Campath for B-CLL has a boxed warning that includes information on cytopenias, infusion reactions, and infections. The most commonly reported adverse reactions in patients with B-CLL were infusion reactions (fever, chills, hypotension, urticaria, nausea, rash, tachycardia, dyspnea), cytopenias (neutropenia, lymphopenia, thrombocytopenia, anemia), and infections (CMV viremia, CMV infection, other infections). Other commonly reported adverse reactions include vomiting, abdominal pain, insomnia and anxiety. The most commonly reported serious adverse reactions are cytopenias, infusion reactions, and immunosuppression/infections.

About Fludara (fludarabine phosphate)

Fludara, a purine nucleotide analog, inhibits the synthesis of new DNA, thus preventing leukemia cells from multiplying. Fludara for injection should be administered under the supervision of a qualified physician experienced in the use of antineoplastic therapy. Fludara for injection can severely suppress bone marrow function. When used at high doses in dose-ranging studies in patients with acute leukemia, Fludara for injection was associated with severe neurologic effects, including blindness, coma, and death. This severe central nervous system toxicity occurred in 36% of patients treated with doses approximately four times greater (96 mg/m2/day for 5-7 days) than the recommended dose. Similar severe central nervous system toxicity has been rarely (≤ 0.2%) reported in patients treated at doses in the range of the dose recommended for chronic lymphocytic leukemia.

Instances of life-threatening and sometimes fatal autoimmune hemolytic anemia have been reported to occur after one or more cycles of treatment with Fludara for injection. Patients undergoing treatment with Fludara for injection should be evaluated and closely monitored for hemolysis.

In a clinical investigation using Fludara for injection in combination with pentostatin (deoxycoformycin) for the treatment of refractory chronic lymphocytic leukemia (CLL), there was an unacceptably high incidence of fatal pulmonary toxicity. Therefore, the use of Fludara for injection in combination with pentostatin is not recommended.

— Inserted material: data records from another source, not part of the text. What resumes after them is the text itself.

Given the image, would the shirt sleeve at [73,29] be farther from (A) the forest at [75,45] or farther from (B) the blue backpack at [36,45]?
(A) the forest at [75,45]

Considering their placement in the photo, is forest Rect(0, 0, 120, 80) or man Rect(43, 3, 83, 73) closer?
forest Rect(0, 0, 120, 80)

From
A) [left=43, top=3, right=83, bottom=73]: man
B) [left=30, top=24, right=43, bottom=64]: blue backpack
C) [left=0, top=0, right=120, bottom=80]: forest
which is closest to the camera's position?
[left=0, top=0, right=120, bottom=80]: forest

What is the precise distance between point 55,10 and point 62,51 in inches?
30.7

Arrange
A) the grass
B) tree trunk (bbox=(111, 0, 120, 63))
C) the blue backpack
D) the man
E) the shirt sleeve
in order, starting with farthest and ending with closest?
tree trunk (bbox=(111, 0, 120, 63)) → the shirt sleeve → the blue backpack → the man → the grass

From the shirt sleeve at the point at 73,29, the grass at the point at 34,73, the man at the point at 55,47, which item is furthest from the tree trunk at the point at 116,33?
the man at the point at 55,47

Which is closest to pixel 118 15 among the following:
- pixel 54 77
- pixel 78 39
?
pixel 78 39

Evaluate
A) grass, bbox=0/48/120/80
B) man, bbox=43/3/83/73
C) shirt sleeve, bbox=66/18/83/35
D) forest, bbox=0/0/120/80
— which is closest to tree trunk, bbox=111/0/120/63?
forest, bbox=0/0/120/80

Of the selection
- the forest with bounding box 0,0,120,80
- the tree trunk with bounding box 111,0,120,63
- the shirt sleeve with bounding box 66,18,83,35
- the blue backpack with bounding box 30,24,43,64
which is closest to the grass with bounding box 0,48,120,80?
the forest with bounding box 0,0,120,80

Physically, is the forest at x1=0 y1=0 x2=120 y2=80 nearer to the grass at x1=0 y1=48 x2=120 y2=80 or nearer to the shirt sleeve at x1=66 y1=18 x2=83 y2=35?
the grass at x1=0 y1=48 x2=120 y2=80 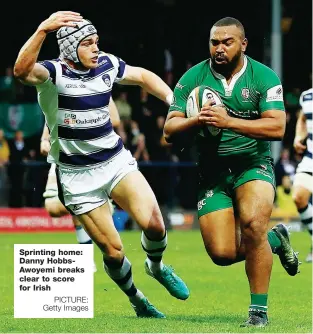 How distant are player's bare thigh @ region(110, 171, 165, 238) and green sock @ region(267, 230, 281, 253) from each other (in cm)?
100

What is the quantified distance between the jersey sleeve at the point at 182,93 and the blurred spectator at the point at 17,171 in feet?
45.3

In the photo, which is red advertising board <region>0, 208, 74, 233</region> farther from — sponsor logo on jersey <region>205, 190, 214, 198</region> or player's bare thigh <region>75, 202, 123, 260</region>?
sponsor logo on jersey <region>205, 190, 214, 198</region>

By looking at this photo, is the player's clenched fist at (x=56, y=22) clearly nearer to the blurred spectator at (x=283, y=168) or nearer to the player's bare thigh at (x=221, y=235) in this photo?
the player's bare thigh at (x=221, y=235)

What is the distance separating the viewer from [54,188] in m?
14.1

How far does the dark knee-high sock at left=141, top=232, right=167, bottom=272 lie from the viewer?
9.98 metres

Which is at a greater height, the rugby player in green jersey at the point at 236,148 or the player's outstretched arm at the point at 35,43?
the player's outstretched arm at the point at 35,43

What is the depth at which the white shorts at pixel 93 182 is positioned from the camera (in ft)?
32.3

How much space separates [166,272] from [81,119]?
1.54 meters

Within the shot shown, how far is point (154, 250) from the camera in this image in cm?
1004

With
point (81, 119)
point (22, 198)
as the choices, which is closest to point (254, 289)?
point (81, 119)

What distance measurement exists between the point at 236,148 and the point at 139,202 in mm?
910

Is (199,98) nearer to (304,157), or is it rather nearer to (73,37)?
(73,37)

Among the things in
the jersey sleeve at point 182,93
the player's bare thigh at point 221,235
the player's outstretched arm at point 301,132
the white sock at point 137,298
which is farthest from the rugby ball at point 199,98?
the player's outstretched arm at point 301,132

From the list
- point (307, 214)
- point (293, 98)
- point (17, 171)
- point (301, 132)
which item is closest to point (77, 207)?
point (301, 132) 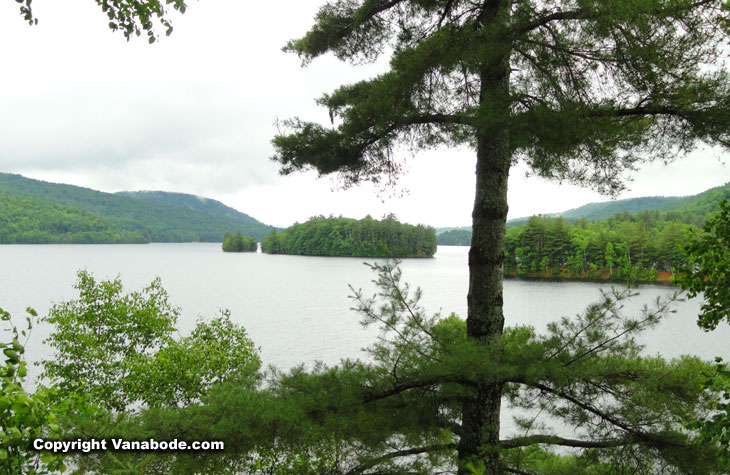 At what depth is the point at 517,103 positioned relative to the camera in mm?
3781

Fludara is contraindicated in those patients who are hypersensitive to this drug or its components. The most common adverse events include myelosuppression (neutropenia, thrombocytopenia and anemia), fever and chills, infection, and nausea and vomiting. Other commonly reported events include malaise, fatigue, anorexia, and weakness. Serious opportunistic infections have occurred in CLL patients treated with Fludara.

About Genzyme

One of the world’s leading biotechnology companies, Genzyme is dedicated to making a major positive impact on the lives of people with serious diseases. Since 1981, the company has grown from a small start-up to a diversified enterprise with more than 11,000 employees in locations spanning the globe and 2008 revenues of $4.6 billion.

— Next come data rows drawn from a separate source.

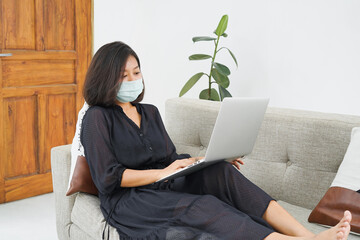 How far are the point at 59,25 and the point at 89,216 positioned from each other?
183 cm

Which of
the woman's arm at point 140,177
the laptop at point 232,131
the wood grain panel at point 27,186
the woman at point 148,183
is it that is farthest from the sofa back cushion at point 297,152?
the wood grain panel at point 27,186

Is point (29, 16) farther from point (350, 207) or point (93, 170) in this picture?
point (350, 207)

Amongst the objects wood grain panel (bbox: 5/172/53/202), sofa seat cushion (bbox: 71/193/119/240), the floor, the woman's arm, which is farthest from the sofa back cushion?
wood grain panel (bbox: 5/172/53/202)

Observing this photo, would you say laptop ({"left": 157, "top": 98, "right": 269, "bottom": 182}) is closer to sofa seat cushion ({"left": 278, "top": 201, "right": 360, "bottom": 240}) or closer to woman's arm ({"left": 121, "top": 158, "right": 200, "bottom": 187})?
woman's arm ({"left": 121, "top": 158, "right": 200, "bottom": 187})

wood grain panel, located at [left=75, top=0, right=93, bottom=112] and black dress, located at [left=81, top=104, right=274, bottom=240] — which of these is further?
wood grain panel, located at [left=75, top=0, right=93, bottom=112]

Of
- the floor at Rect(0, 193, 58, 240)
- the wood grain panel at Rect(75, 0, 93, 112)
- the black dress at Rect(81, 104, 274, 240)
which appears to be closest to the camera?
the black dress at Rect(81, 104, 274, 240)

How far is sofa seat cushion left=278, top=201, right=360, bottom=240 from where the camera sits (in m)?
1.72

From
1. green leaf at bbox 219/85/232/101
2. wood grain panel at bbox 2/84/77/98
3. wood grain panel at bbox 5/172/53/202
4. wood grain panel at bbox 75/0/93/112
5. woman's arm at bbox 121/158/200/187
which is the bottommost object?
wood grain panel at bbox 5/172/53/202

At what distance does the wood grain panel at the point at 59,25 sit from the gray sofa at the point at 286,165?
1384 millimetres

With many established products and services helping patients in nearly 100 countries, Genzyme is a leader in the effort to develop and apply the most advanced technologies in the life sciences. The company’s products and services are focused on rare inherited disorders, kidney disease, orthopaedics, cancer, transplant and immune disease, and diagnostic testing. Genzyme’s commitment to innovation continues today with a substantial development program focused on these fields, as well as cardiovascular disease, neurodegenerative diseases, and other areas of unmet medical need.